"She's wandered away!" sobbed Mrs. Balcome. "Half-crazed with it all!
Heart-broken! Heart-broken!"

With a muffled growl, Balcome once more fell upon Ikey, who had been watching and listening from a discreet distance. "Where is Miss Milo, I say!" he demanded as he swooped.

But Ikey's determination did not fail him, though his teeth chattered.
"I—I—d-d-don't know!" he protested for the tenth time.

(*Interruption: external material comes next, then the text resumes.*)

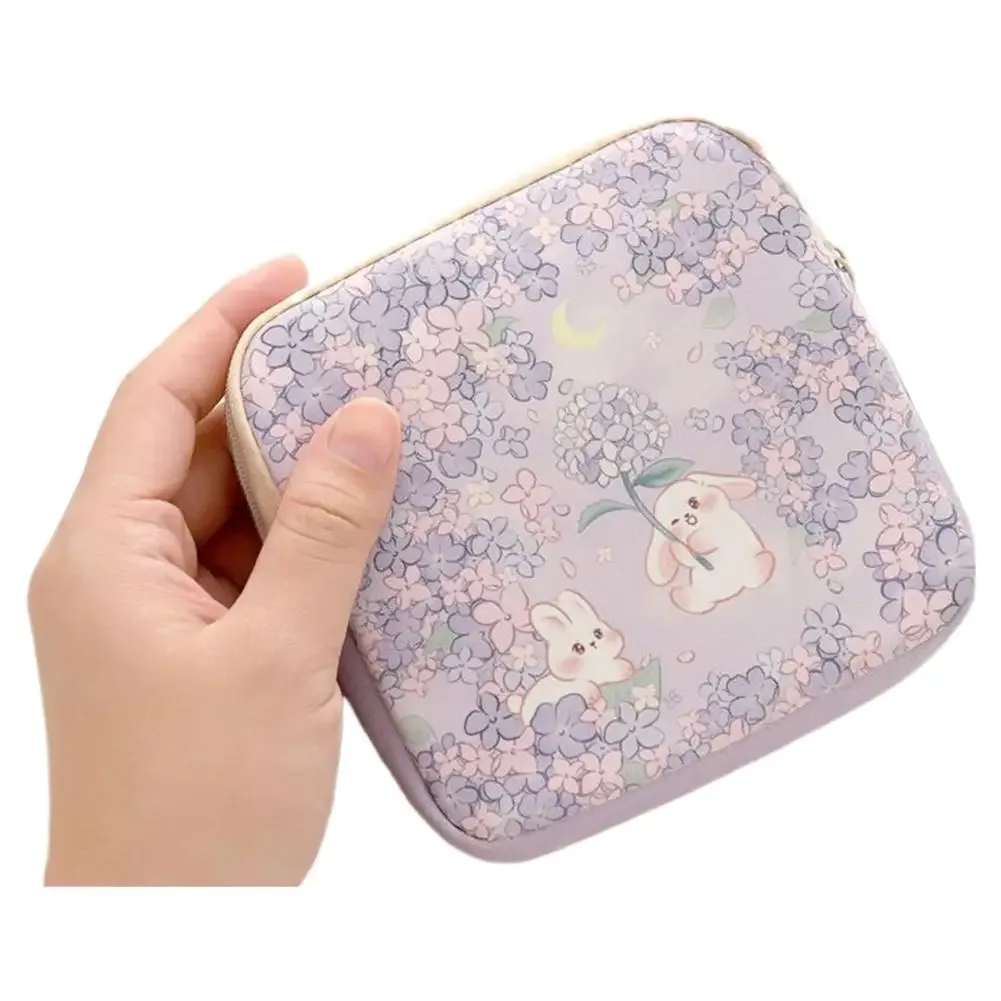 sac de rangement floral mignon en forme de lapin, mini organisateur de serviettes hygiéniques, pochette cosmétique portable pour femmes, sac à monnaie pour câbles de données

"Oh, terrible! Terrible!"—this in a fresh burst from Mrs. Balcome.
"Oh, what did I say what I did for!"

"Don't cry! Don't cry!" comforted Wallace. "We'll hunt for her.
Police, and detectives——"

A crash of piano notes interrupted from the drawing-room. Then through open door and windows floated the first bars of "Comin' Thro' the Rye"—with an accompaniment in rag-time. As one the group in the Close turned toward the house.

"Hattie?" exclaimed Mrs. Balcome.

"Hattie!" faltered Wallace.

"Hattie!"—it was a crisp bass summons from Hattie's father.

Hattie put her head out at the door. "Good-morning, mother!" she called cheerily. "Good-morning, dad! Good-morning,—Wallace."